Last week I started a new feed of data to the National Data Buoy Center (NDBC) from the two CREWS/CCCCC buoys in the Dominican Republic. These buoys were deployed last December but both went offline about 3 weeks after initial deployment, for different reasons. A recent check-in with these buoys' data streams reveals that they have both been online and transmitting reliable meteorological data for 2-3 months now and therefore they have become good candidates for NDBC feeds.

Once their data have been cleared by NDBC they will be released into the Global Telecommunications Systems (GTS). Once in GTS those data will become visible to national weather services and researchers worldwide, and they may be used in global forecast models such as those used for tropical cyclone forecasts.

The Catuan Wreck buoy is located near Boca Chica on the southern coast of the Dominican Republic.  We have been informally referring to it as CWDR1 (Catuan Wreck, Dominican Republic, first station) but as a buoy its official GTS designation is entirely numeric and is assigned according to region.  The CWDR1 buoy's official designation will be 42090. Its NDBC home page may be found at the following URL:


This link has also been added to the 'Links' section on the right-hand side of this blog.
Mike J+

Wednesday, August 3, 2016

buoy's return to power, and first four months of data

This post, written in August of 2016, describes what was learned through a careful examination of this buoy's data record following its return to power on March 31st. The buoy had previously lost power on December 30th, three weeks after initial deployment, and remained offline for about three months.

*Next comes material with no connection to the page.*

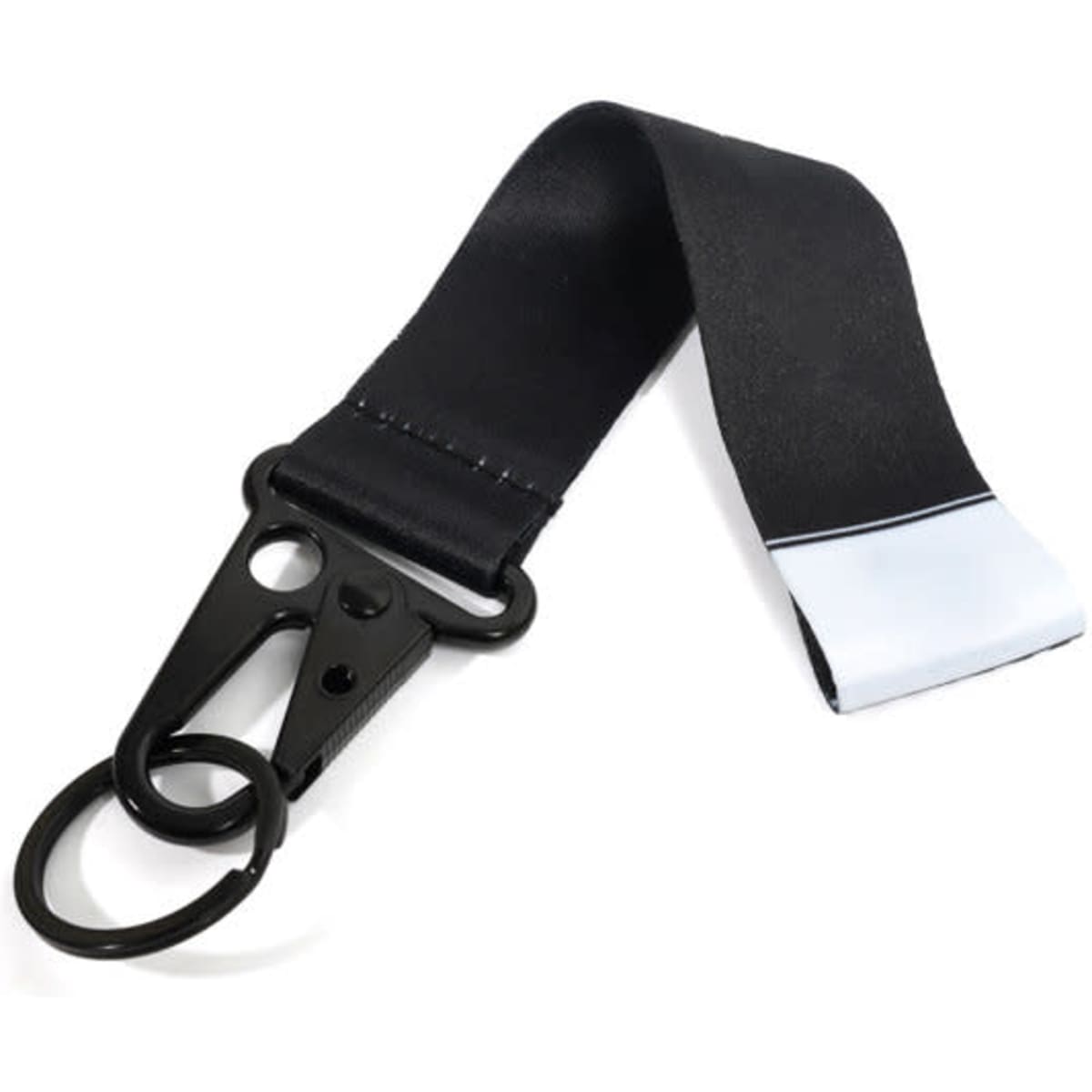 A black lanyard wrist key chain with a hook and a circular ring for attachment.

The buoy returned to power at UTC 16:00 (local noon) on March 31st. Neither datalogger had logged any records since the buoy lost power on December 30th, suggesting that the buoy had experienced a complete loss of power to all of its sensors and dataloggers.

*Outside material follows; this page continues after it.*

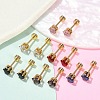 Flat Round Glass Ear Fake Plugs EJEW-H105-22G-C-2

Judging from the compass data, the buoy was not at its deployment site when it powered up, but was towed to that site the following day. Based on these data I count its deployment dataset as beginning at UTC 15:00 (11am local) on April 1st, 2016.

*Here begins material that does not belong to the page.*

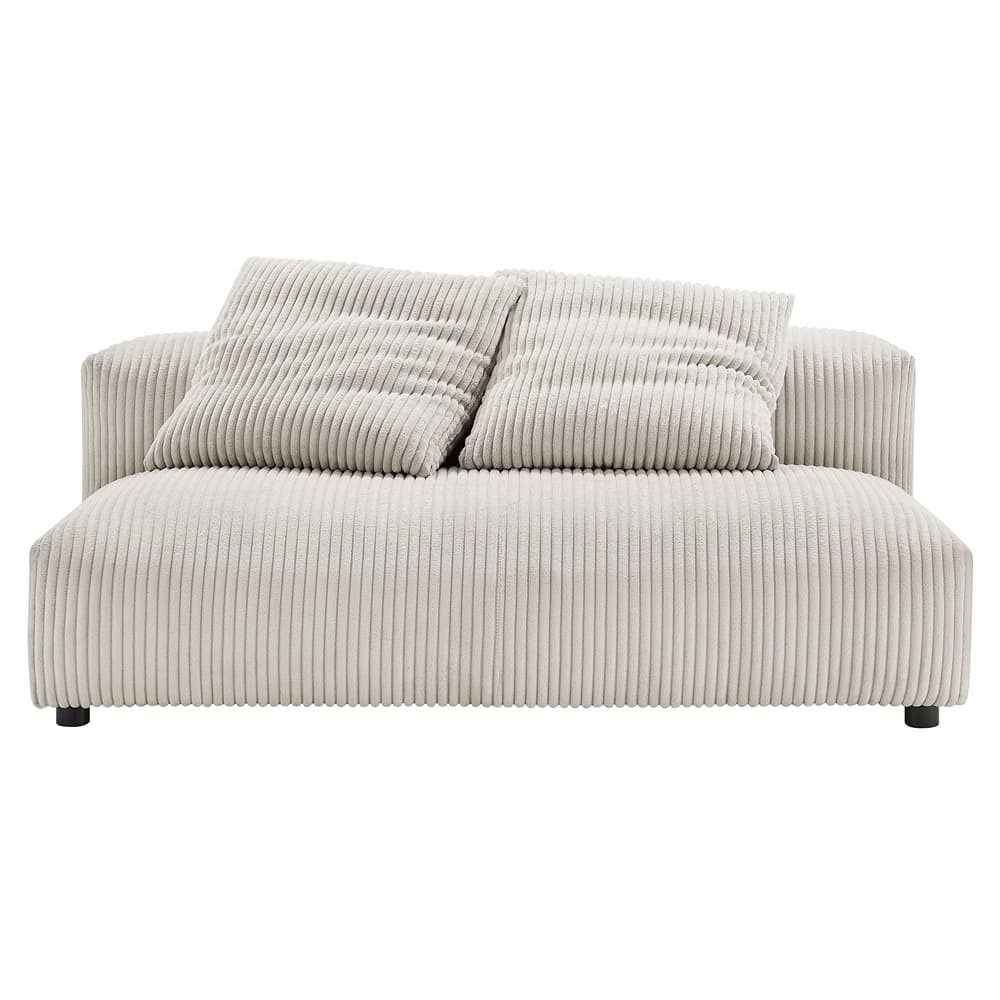 Solace 2-Piece Modular Corduroy Upholstered Sectional Sofa With Chaise in Almond by Modway - Image 9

Battery voltages were steady both before and after these outages, suggesting that the battery had never been disengaged from the solar panels and the charging systems. This is identical to what was observed at the South Water Caye buoy (November 2015, to be described in a maintenance log post still to come), where the problem was traced to the solar regulator, also known as the "automatic sequencing charger" or ASC. The ASC used at all CREWS buoys to date has a "low voltage disconnect" or LVD feature which cuts power to the system load if it determines that the power supply falls below a certain level, on the theory that continued operation at low voltages may be more damaging to the electronics than an outright power loss. This LVD is said to be designed to kick in at about 11.5V.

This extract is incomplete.